Un día de primavera de 1912, la mansión de los Torrington bulle de actividad con los preparativos para una elegante cena con motivo del vigésimo cumpleaños de Emerald. Los Torrington son una familia acomodada, que no pasa precisamente por su mejor época, compuesta por una evanescente madre, su segundo marido y tres hijos: la atractiva Emerald, Clovis, recién salido de la adolescencia, y la pequeña Smudge.
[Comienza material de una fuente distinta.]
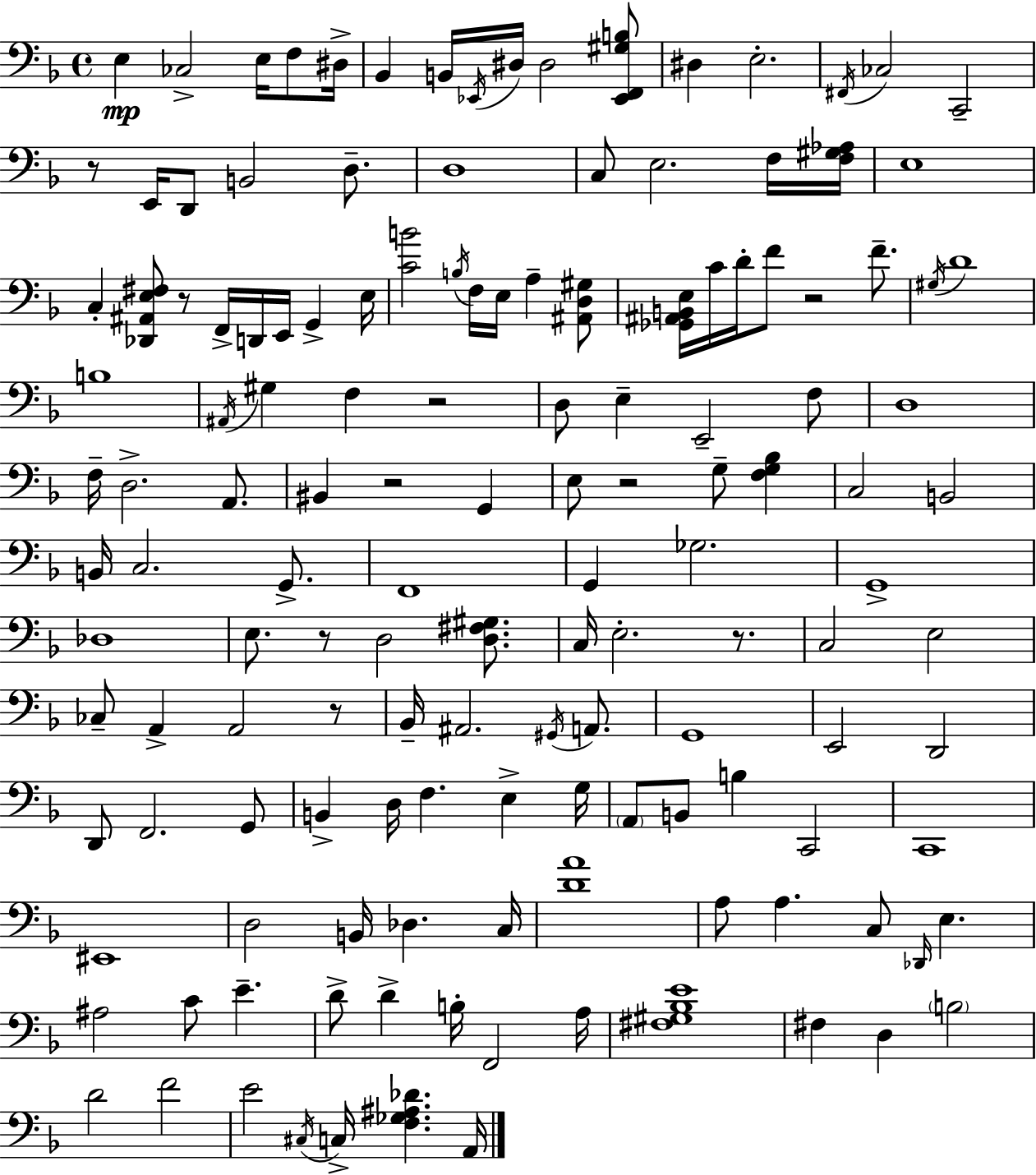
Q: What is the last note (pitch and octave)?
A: A2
Pero la celebración, a la que han acudido la joven y puntillosa Patiente, su apuesto hermano y un adinerado vecino, se ve trastocada por un trágico accidente de tren ocurrido a pocos kilómetros, lo que obliga a la familia a acoger a algunos supervivientes. Un desconocido, que decididamente no es un caballero, llega poco después y se suma a la cena. Smudge elige ese momento para llevar a cabo un proyecto secreto, que coincidirá con una estruendosa tormenta y con la creciente desazón de los supervivientes, acuciados por el hambre y el cansancio. Lo más temido, perder las formas en una velada exquisita, quedará largamente superado por las circunstancias.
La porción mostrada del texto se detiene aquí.